Work to complete: From top to bottom, return the listing exactly as it appears, omitting its images.

===== Given information

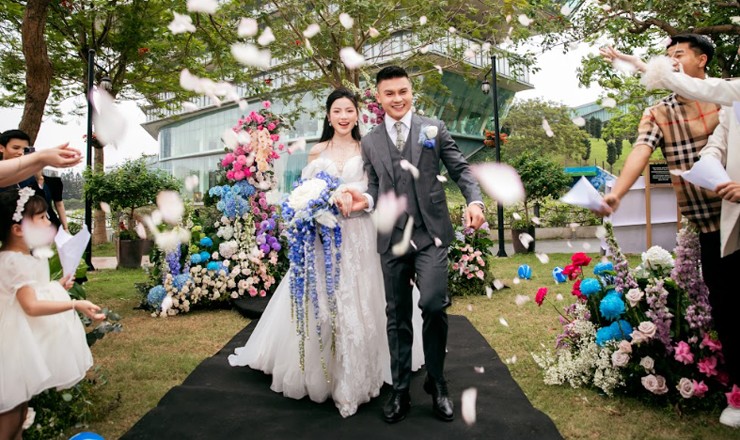 Dàn sao tại đám cưới Quang Hải: Văn Thanh, Bùi Tiến Dũng tuyên bố chắc nịch - 1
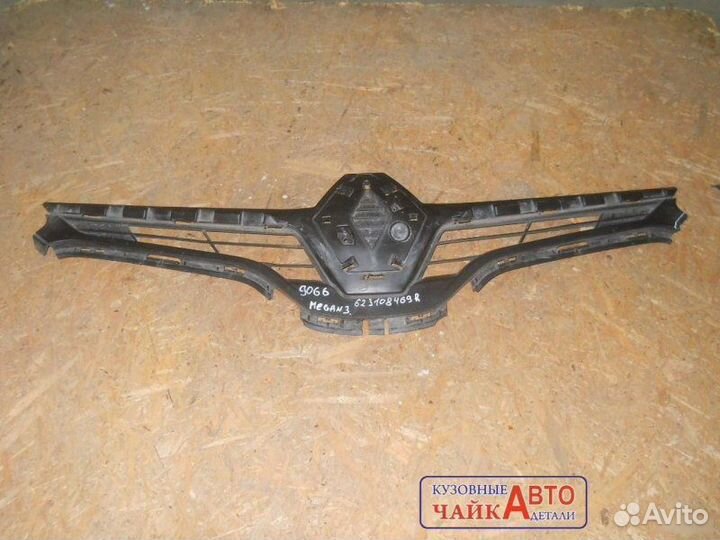 Решетка радиатора Renault Megane 3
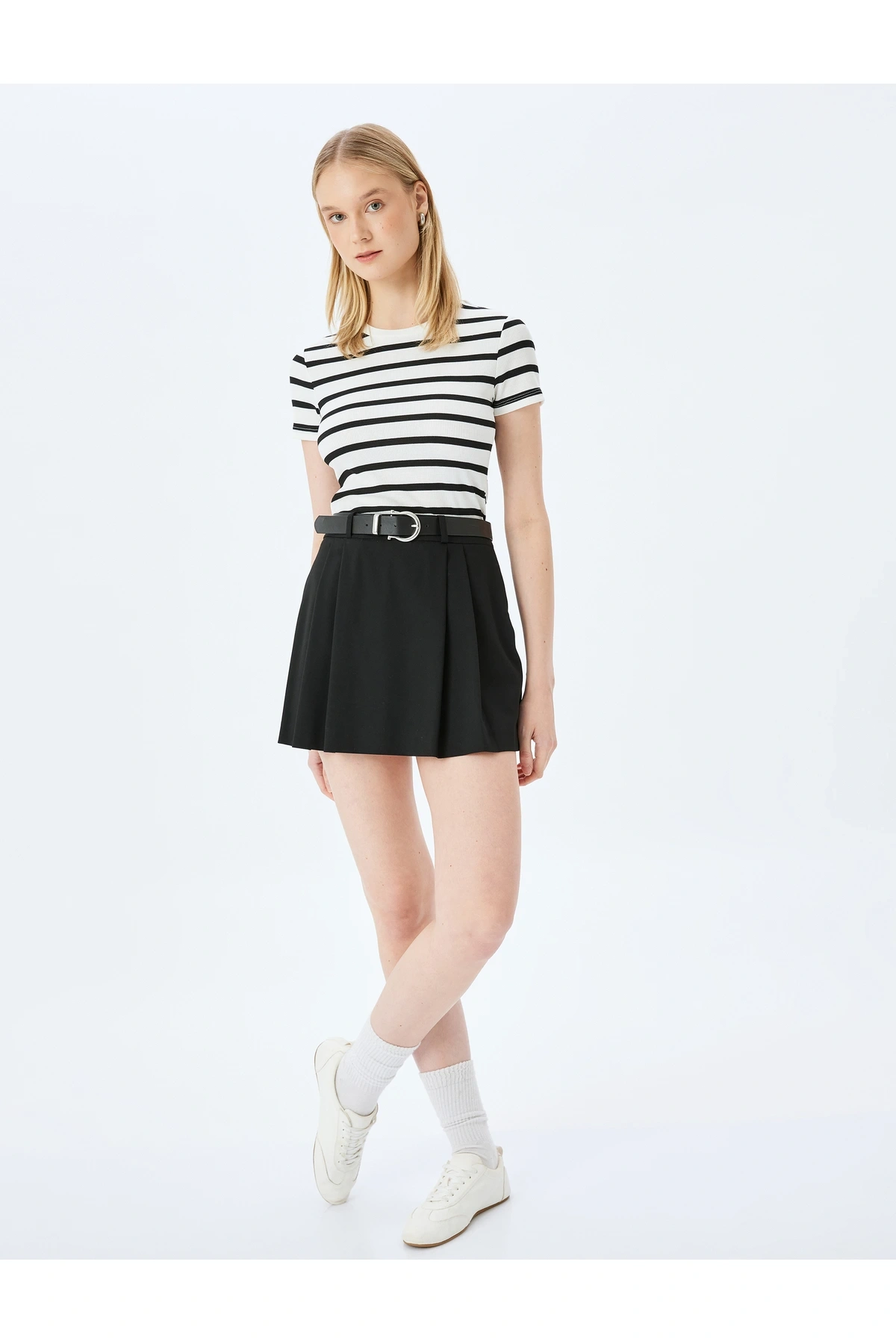 Basic Çizgili Bisiklet Yaka Kısa Kollu Kaşkorse Slim Fit Kadın Tişört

==========

Response area:
 Dàn sao tại đám cưới Quang Hải: Văn Thanh, Bùi Tiến Dũng tuyên bố chắc nịch - 1
 Решетка радиатора Renault Megane 3
 Basic Çizgili Bisiklet Yaka Kısa Kollu Kaşkorse Slim Fit Kadın Tişört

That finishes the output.